(DATA RECORDS Opens)

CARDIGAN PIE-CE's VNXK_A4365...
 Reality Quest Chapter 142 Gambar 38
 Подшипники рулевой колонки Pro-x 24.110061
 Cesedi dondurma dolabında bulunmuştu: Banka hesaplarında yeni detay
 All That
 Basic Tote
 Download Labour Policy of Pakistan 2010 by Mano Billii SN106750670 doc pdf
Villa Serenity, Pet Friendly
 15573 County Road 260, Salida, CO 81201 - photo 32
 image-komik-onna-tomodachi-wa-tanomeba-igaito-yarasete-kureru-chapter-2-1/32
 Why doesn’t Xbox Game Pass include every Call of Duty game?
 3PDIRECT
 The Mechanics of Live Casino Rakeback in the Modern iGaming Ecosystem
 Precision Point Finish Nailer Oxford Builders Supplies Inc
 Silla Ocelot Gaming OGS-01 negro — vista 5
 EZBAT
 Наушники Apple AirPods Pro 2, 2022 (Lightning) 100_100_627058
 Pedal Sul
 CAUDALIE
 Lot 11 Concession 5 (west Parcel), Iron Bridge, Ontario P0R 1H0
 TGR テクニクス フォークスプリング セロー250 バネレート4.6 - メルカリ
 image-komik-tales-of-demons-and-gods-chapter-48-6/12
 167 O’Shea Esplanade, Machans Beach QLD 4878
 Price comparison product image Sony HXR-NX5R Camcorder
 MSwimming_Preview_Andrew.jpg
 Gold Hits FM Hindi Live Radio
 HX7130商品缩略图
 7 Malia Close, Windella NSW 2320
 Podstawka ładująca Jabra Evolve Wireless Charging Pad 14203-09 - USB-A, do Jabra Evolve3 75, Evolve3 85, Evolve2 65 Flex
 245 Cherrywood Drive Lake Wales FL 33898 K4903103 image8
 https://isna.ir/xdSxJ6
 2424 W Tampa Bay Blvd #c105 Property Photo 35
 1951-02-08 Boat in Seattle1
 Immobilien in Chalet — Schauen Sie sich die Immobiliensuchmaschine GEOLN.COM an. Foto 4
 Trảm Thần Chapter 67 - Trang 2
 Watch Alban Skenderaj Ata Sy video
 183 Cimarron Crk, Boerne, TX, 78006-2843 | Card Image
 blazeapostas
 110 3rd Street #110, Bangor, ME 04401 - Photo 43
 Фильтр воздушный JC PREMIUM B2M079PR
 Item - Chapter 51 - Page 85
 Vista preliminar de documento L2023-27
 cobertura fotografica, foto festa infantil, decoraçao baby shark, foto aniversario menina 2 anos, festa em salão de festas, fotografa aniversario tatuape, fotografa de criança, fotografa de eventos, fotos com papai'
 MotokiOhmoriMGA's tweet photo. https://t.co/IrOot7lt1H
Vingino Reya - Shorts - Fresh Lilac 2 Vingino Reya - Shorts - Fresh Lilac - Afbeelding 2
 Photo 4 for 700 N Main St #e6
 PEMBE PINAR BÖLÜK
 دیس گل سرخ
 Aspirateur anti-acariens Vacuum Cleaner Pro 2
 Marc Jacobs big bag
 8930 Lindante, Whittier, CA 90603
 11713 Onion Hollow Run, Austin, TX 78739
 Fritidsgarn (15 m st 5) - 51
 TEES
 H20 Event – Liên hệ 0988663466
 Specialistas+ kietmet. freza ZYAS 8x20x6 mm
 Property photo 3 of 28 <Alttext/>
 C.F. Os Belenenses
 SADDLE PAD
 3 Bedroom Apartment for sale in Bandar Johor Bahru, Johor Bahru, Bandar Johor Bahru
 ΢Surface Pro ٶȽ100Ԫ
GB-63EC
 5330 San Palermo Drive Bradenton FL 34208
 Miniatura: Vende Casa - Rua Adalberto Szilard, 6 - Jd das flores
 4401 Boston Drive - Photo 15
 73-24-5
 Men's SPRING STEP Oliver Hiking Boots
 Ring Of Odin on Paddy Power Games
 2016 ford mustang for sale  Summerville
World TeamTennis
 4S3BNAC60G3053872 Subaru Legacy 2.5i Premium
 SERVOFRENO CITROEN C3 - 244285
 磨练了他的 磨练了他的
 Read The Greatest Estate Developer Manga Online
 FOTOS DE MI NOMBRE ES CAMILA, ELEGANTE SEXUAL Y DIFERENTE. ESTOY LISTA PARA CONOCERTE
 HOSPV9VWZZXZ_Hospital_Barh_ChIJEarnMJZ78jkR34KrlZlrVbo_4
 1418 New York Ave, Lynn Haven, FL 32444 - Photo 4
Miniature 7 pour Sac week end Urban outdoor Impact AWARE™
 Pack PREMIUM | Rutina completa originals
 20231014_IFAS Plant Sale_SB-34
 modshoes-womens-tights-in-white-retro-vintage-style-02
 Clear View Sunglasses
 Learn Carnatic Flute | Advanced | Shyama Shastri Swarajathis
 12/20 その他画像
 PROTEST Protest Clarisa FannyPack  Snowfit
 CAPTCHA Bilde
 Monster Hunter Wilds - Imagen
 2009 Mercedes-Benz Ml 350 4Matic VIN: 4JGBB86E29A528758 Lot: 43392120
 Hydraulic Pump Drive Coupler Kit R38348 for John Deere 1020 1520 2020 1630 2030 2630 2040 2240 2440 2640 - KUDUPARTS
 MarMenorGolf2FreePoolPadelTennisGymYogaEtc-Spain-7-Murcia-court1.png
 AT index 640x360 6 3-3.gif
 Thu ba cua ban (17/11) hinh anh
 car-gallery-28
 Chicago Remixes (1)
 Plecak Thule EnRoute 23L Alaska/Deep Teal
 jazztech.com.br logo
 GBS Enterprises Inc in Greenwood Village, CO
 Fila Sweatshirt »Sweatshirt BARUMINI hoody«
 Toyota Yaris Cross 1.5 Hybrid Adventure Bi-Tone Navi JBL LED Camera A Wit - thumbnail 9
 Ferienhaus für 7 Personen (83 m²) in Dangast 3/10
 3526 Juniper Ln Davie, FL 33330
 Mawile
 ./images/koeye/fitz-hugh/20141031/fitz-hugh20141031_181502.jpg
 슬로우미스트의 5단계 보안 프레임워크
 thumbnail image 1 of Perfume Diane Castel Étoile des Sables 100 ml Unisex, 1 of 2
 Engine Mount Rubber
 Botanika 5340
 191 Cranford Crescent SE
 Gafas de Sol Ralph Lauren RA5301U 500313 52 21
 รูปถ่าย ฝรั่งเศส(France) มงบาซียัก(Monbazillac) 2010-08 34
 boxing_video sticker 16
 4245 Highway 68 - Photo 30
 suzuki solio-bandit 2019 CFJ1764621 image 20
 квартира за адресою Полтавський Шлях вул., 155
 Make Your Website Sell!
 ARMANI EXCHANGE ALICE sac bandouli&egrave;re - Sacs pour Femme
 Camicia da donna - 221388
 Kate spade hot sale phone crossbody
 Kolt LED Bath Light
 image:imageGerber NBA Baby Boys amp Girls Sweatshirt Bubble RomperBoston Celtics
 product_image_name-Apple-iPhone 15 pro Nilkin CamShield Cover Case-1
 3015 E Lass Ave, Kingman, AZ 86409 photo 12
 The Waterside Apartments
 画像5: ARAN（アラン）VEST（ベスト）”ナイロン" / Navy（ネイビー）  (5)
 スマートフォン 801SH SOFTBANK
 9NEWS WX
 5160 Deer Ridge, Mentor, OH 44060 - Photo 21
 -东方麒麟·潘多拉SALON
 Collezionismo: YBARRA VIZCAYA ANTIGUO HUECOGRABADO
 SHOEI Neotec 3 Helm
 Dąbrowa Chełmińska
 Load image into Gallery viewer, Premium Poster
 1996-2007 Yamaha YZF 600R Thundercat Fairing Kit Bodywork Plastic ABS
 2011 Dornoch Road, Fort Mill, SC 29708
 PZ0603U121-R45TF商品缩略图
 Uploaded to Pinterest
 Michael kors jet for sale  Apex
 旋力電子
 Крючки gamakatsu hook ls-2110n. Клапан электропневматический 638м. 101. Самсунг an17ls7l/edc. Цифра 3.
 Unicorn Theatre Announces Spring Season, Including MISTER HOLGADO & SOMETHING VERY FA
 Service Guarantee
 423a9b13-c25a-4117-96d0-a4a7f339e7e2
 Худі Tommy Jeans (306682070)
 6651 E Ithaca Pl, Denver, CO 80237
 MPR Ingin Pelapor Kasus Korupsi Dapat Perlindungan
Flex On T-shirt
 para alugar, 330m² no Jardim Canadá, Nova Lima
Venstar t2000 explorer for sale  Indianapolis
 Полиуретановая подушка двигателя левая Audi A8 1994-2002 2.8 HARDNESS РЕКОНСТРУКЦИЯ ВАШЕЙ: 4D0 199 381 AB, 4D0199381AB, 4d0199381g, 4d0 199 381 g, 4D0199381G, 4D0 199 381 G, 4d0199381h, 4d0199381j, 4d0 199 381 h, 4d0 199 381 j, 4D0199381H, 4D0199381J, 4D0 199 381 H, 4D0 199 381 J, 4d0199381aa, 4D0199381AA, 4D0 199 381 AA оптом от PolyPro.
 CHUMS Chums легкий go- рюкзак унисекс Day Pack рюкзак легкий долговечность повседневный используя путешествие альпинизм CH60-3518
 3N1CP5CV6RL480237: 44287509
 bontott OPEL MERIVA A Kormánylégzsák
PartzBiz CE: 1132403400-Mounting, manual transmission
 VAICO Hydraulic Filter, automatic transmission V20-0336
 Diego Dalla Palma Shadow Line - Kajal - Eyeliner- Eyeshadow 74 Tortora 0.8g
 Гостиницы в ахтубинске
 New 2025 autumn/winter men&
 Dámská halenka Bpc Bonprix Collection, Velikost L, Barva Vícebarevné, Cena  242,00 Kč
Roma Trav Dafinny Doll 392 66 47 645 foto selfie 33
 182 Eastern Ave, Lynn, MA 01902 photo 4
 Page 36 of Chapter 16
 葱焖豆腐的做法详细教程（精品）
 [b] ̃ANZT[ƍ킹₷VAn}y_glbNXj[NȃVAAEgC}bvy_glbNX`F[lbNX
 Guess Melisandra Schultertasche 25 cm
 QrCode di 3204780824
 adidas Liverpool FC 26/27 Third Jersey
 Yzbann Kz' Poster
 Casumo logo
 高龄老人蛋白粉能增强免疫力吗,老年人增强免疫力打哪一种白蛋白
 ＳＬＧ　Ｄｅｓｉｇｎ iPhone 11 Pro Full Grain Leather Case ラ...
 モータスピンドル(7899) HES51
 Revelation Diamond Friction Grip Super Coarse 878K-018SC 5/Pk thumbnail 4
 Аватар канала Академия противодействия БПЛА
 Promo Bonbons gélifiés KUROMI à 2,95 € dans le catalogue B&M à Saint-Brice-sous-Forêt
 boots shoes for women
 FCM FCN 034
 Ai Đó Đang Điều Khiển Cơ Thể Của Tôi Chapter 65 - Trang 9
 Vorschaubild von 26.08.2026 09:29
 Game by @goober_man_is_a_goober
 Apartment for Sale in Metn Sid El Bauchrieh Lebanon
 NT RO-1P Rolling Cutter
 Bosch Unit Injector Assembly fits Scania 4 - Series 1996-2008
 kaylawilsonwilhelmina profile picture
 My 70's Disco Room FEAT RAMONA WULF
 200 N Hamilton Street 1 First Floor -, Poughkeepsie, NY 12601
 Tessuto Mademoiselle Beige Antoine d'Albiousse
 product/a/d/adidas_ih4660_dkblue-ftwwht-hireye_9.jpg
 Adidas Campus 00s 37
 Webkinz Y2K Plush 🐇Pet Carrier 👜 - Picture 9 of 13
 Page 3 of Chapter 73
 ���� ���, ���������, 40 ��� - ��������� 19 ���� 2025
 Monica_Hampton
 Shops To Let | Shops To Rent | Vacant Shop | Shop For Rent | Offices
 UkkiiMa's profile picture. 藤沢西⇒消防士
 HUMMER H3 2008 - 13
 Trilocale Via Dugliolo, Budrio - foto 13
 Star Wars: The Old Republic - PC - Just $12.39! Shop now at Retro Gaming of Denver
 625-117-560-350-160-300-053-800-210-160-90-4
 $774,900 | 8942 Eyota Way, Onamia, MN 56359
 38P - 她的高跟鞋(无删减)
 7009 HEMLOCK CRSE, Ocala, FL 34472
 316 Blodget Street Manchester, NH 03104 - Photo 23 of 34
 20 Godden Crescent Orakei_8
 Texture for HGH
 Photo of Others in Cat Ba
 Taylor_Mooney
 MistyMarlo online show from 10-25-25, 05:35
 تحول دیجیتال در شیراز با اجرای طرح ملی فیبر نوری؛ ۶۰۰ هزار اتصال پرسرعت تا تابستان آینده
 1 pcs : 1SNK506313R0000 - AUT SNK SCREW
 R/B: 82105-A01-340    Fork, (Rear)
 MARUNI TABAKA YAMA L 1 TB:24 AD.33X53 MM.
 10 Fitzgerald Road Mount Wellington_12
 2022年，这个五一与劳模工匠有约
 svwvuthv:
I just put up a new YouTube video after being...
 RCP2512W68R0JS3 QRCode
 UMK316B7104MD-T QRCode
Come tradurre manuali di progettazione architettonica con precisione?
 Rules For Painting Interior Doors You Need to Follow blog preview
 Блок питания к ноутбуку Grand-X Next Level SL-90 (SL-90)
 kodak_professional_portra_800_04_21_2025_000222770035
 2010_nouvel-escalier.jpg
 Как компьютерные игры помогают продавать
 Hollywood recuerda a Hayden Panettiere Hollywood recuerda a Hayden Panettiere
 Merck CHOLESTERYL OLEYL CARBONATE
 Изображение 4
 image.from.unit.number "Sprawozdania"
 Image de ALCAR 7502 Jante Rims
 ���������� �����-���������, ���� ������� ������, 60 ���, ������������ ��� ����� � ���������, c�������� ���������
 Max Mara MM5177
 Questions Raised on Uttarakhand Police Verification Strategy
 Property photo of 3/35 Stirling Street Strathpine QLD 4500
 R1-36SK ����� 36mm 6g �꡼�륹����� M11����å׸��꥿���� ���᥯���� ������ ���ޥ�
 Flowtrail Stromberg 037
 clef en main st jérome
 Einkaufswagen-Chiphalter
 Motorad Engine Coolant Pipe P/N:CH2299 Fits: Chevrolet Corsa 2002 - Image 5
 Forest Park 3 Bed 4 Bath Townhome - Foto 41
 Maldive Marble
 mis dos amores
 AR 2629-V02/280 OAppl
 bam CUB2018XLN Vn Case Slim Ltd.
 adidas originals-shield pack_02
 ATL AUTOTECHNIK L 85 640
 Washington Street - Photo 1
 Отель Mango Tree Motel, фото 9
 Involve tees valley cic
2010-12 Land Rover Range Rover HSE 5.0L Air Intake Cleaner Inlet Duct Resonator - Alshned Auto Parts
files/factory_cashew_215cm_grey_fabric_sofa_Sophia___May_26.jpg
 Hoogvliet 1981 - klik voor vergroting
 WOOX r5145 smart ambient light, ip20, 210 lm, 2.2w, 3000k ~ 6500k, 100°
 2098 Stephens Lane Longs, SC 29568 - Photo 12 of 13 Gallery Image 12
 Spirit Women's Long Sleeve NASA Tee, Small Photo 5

(DATA RECORDS Closes)

▶ TASK OBJECTIVE
In the entries above, copy the lines from the one that contains "kodak_professional_portra_800_04_21_2025_000222770035" through the last line, exactly as they appear.

▶ RESPONSE FOR THIS EXERCISE
 kodak_professional_portra_800_04_21_2025_000222770035
 2010_nouvel-escalier.jpg
 Как компьютерные игры помогают продавать
 Hollywood recuerda a Hayden Panettiere Hollywood recuerda a Hayden Panettiere
 Merck CHOLESTERYL OLEYL CARBONATE
 Изображение 4
 image.from.unit.number "Sprawozdania"
 Image de ALCAR 7502 Jante Rims
 ���������� �����-���������, ���� ������� ������, 60 ���, ������������ ��� ����� � ���������, c�������� ���������
 Max Mara MM5177
 Questions Raised on Uttarakhand Police Verification Strategy
 Property photo of 3/35 Stirling Street Strathpine QLD 4500
 R1-36SK ����� 36mm 6g �꡼�륹����� M11����å׸��꥿���� ���᥯���� ������ ���ޥ�
 Flowtrail Stromberg 037
 clef en main st jérome
 Einkaufswagen-Chiphalter
 Motorad Engine Coolant Pipe P/N:CH2299 Fits: Chevrolet Corsa 2002 - Image 5
 Forest Park 3 Bed 4 Bath Townhome - Foto 41
 Maldive Marble
 mis dos amores
 AR 2629-V02/280 OAppl
 bam CUB2018XLN Vn Case Slim Ltd.
 adidas originals-shield pack_02
 ATL AUTOTECHNIK L 85 640
 Washington Street - Photo 1
 Отель Mango Tree Motel, фото 9
 Involve tees valley cic
2010-12 Land Rover Range Rover HSE 5.0L Air Intake Cleaner Inlet Duct Resonator - Alshned Auto Parts
files/factory_cashew_215cm_grey_fabric_sofa_Sophia___May_26.jpg
 Hoogvliet 1981 - klik voor vergroting
 WOOX r5145 smart ambient light, ip20, 210 lm, 2.2w, 3000k ~ 6500k, 100°
 2098 Stephens Lane Longs, SC 29568 - Photo 12 of 13 Gallery Image 12
 Spirit Women's Long Sleeve NASA Tee, Small Photo 5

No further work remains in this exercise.